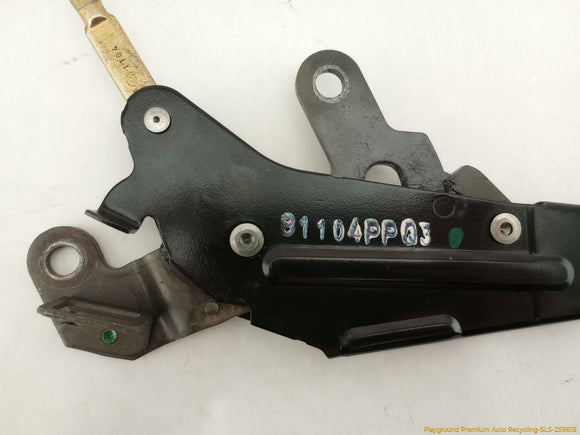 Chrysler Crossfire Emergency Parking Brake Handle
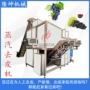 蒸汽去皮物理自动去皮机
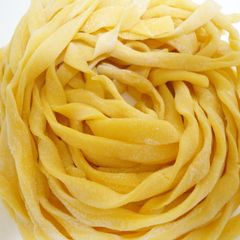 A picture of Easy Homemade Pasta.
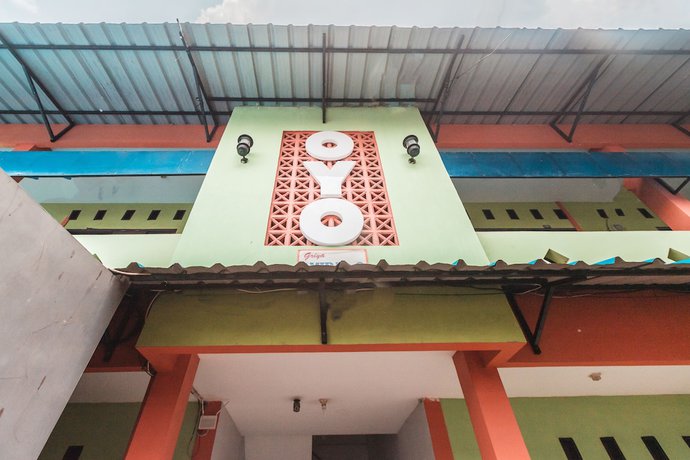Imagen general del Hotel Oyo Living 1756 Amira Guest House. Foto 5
════════
Without the pictures, output the full listing exactly as it stands.

#### Final answer
 Chrysler Crossfire Emergency Parking Brake Handle
 蒸汽去皮物理自动去皮机
 A picture of Easy Homemade Pasta.
Imagen general del Hotel Oyo Living 1756 Amira Guest House. Foto 5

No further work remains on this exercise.